The next day, May 26, Paulette went to report the attack at the Prosecutor's Office for the Investigation of Crimes Committed Against Priority Attention Groups of the Attorney General's Office of Mexico City, where an investigation file was opened for attempted femicide.  

The complaint process took 10 hours. Paulette was accompanied by Victoria Sámano and Frida Guerrera, an activist who has been denouncing femicides in Mexico since 2016 and has experience accompanying victims to prosecutor's offices. 

Paulette says that unlike the MP, in that Prosecutor's Office they were treated with respect, but she notes that despite being a specialized prosecutor's office they lack training. 

“An investigation was launched for the crime of attempted femicide. We presented the evidence, requested the preservation of the security cameras, and it was taken into account that I am a trans woman who works as a sex worker.

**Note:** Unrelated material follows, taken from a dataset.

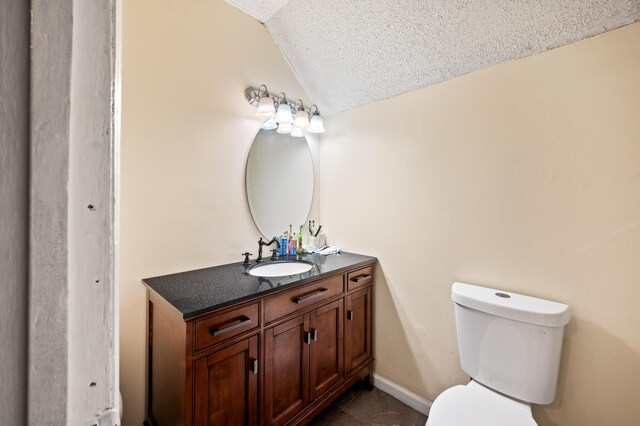 225 Baxter Ln, Walterboro, SC 29488 - bathroom with vaulted ceiling, toilet, vanity, tile patterned floors, and a textured ceiling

Even my previous complaints against Cinemex , the online harassment I experienced from Congresswoman América Rangel , and the complaint regarding threats, discrimination, and physical assaults we suffered while Mexico City Congress

Paulette told Presentes that the complaints included in the investigation file for attempted femicide have resulted in threats and hate messages on her Twitter account for at least a year. Following this, Victoria Sámano , Alaín Pinzón , and other LGBT+ individuals and activists reported on social media that they received threats and hate messages in the days leading up to the attempted transfemicide she suffered.

This would be the second case in Mexico investigating the attempted femicide of a trans woman. The first case brought to justice, that of Natalia Lane, “has been slow, violent, and negligent,” according to a report published in Open Democracy Now by journalist Gabriela Mesones.

“Once again, the work of providing support falls to civil society.”

So far, no state institution or human rights organization has approached Paulette Cárdenas or any of the organizations that support her in order to provide support or advice. 

“Once again, the work of supporting victims falls to organized civil society. Where are the state's sexual diversity institutions when this type of violence arises? We are the ones who step in to support our peers, our sisters; and it becomes even more complex when we have to support our colleagues in more precarious situations,” Victoria Sámano Presentes

She added, “Institutions and officials either turn a blind eye or refuse to see that trans women are living in conditions inferior to the rest of the population, and the hate messages we receive on social media are based on institutionalized transphobia.”

“Victoria and I are proof that the discourse on social media brings violence into the physical, the real, the everyday lives of trans people. I don’t know what people, what institutions, are waiting for. Do they expect someone to be almost dying for their complaint to be credible and for them to act?” Paulette concluded.